Yes, the motors from that factory come with the thin bmx 10 tooth sprocket and a slant head.
 

mapbike

Well-Known Member
Mar 14, 2010
5,502
109
63
Central Area of Texas
Yeah, maybe I should read my own posts before asking questions, haha. Anyhow, I took the clutch cover off and found some problems. First, the clutch plate was really tight, I unscrewed the set screw and loosed the clutch plate until the clutch would disengage and reengage as it should. But the problem is that the holes in the clutch plate seem to be drilled a little too large so when I put the 3 pins into the holes there is a lot of play. When I tighten the clutch plate down and tighten the set screw, the clutch plate has a bit of a wobble. When I disengage the clutch it seems to stick briefly before breaking free from the gears. I'm not sure if this will be a problem or not but it is now engaging and disengaging at least. Also, I'm not sure if the heat caused this (it was a very short test ride), it sure did seem that the clutch plate was very tight to begin with. The pucks didn't look melted at all. The clutch pads look to be in excellent condition. Everything else looks great. I will try the 75 jet and see how it runs. I might have to go with a 71 or 72 to get it jetted correctly. It's too bad that it runs hot with the 70 jet because, except for the heat, it was running very well with lots of power. I'm not sure why the 70 jet is too lean, except I do have a bottle boost on the intake. I'm wondering how it would be if I disconnected it. The bottle boost was kinda bought on a whim when I first got my kit. Adding it was a little disappointing because the upgrade was not really noticeable. I left it on because I thought that it can't do any harm and might be making a slight difference but now I'm not so sure. Do you think the bottle boost could be causing a lean condition?

.trk

Did you check your spark plug color?

On my last build it ran so hot that the steel base of the spark plug would turn a light grayish blue color after just a few miles of riding, plug color was a bit grayish, so drilled jet up one size which got the plug color to a light-medium brown and then after riding for several miles I could touch the head without getting an instant burn, I also installed a Puch 70cc hi hi head which made it run even cooler up top.
If you have some wire gauge drill bits I would find the one that fits the 70 jet and then drill it with the next larger bit and see what it does then, I get my bit sets from widgetsupply cheap and they ship quick in my experience, best place I have found for all the dremel tool bits I use for port work on my jugs and bits for drilling the carb jets.

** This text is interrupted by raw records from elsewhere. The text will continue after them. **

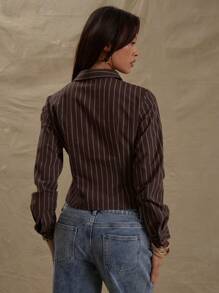 MUSERA Tailored Button Through Pinstripe Fitted Long Sleeve Shirt Business Casual Vacation Casual Butter Wouldn't Melt Holiday Fall Back To School Autumn Winter Party, Elegant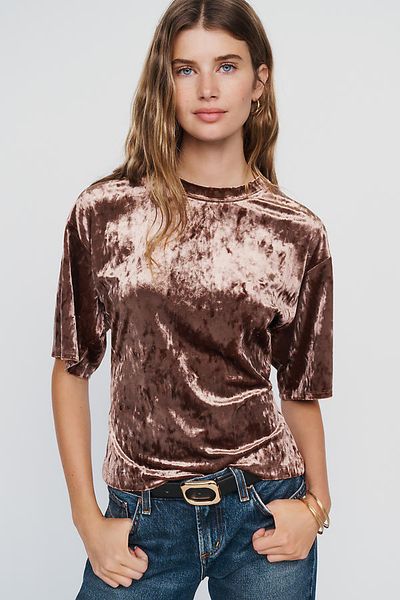 By Anthropologie Velvet Cinched Crewneck Tee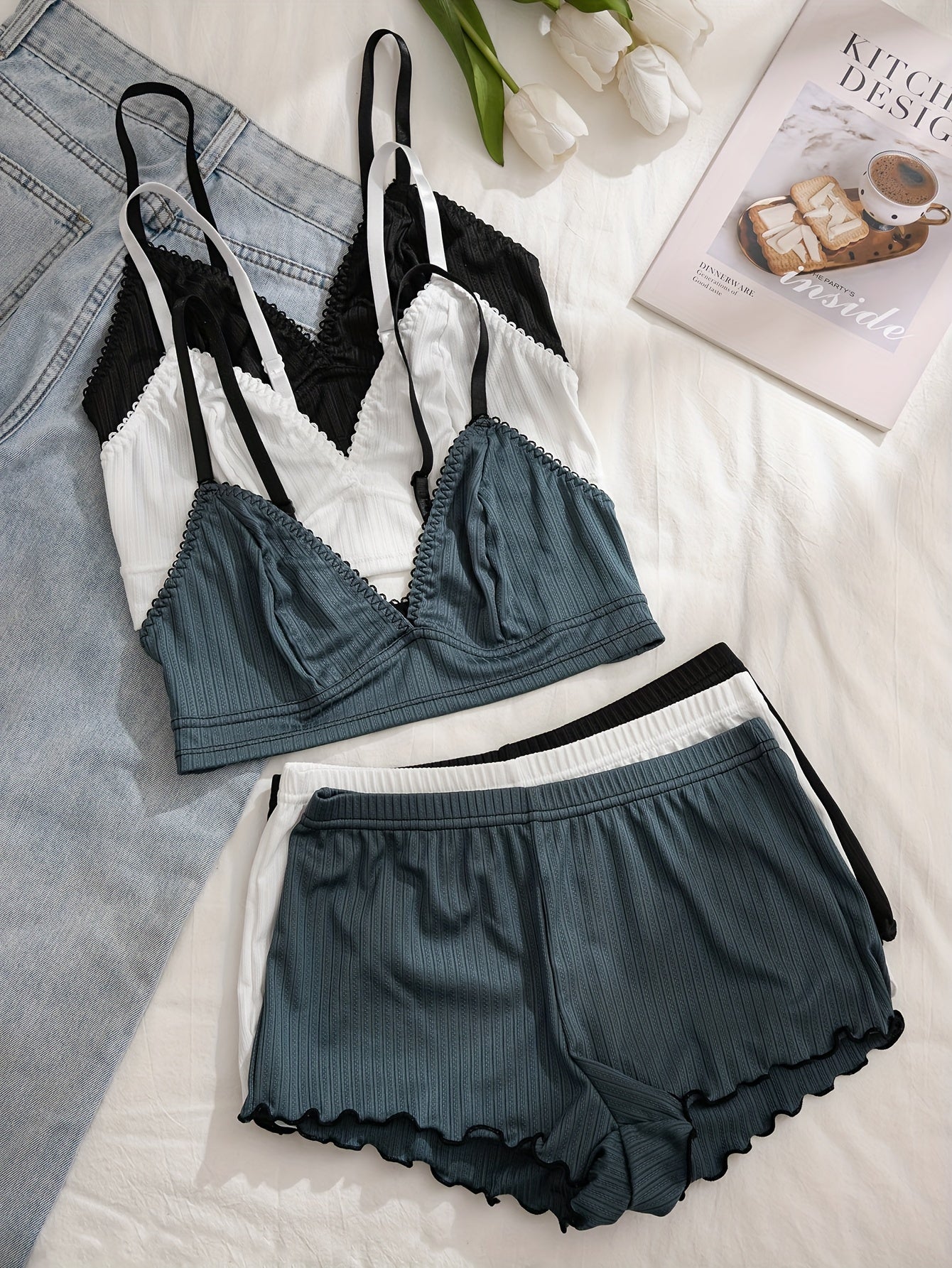 Solid Color Women's Underwear Set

Note: I'm running RT carb myself now, I'm using 70 jet with heavily ported jug, shorty manic intake, Puch 70cc hi hi head, expansion exhaust and right now it will cruise @ 40-42mph in the 8000+RPM range and I have a nice brown plug color and no overheating, I'm at 1,240ft above sea level.

My original lean run condition and overheating was when I was still running the NT carb before I jetted it up a little.

Here is a couple links to the bit set and a pin vise for the bits.

http://www.widgetsupply.com/product/WB05.html

http://www.widgetsupply.com/product/SHG3-840.html


Hope this helps and hope you get it worked out asap.

Map
reddd
 

TwistedAlloy68

New Member
Jul 28, 2013
16
0
0
Bellingham WA
Didnt see much on the bad about this bottom end. Has anyone installed it and experienced a loss of power? I replaced a stock bottom end and it cut the power way down? Thanks.